+++ Supplied information +++

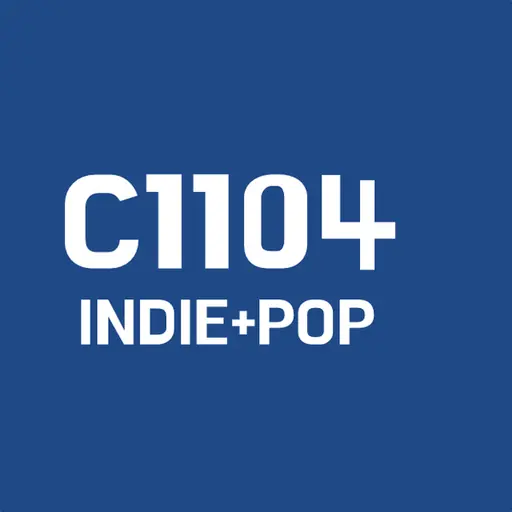 laut.fm C 1104 logo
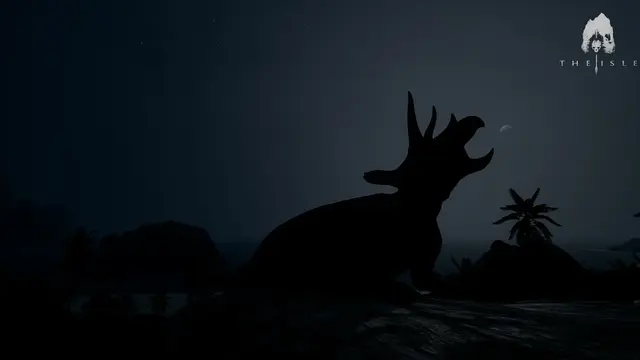 Screenshot di The Isle Evrima sul server Isla Sonora, di moreje
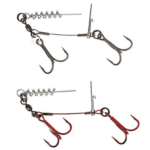 MONT. CARBON CORKSCREW 2 ANCORE NR.02 2BUC/PL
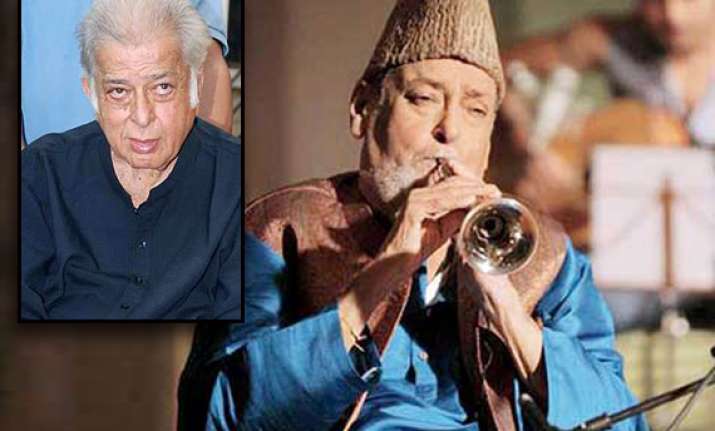 shashi kapoor watches rockstar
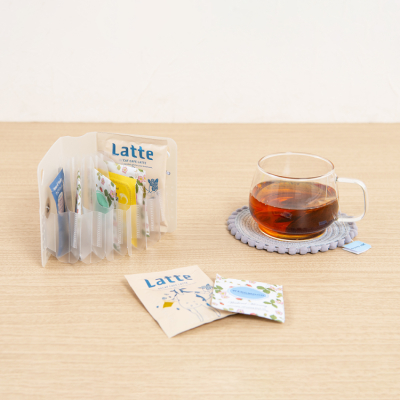 ナカバヤシ かたづくファイル/mini/ミストホワイト DF-KTDF-MN-MW/Jの商品画像7枚目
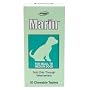 Marin for Small to Medium Dogs (30 Tablets)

+++

No pictures go in the copy. Output exactly the lines from the line containing "Screenshot di The" through the end of the listing above.

Response →
 Screenshot di The Isle Evrima sul server Isla Sonora, di moreje
 MONT. CARBON CORKSCREW 2 ANCORE NR.02 2BUC/PL
 shashi kapoor watches rockstar
 ナカバヤシ かたづくファイル/mini/ミストホワイト DF-KTDF-MN-MW/Jの商品画像7枚目
 Marin for Small to Medium Dogs (30 Tablets)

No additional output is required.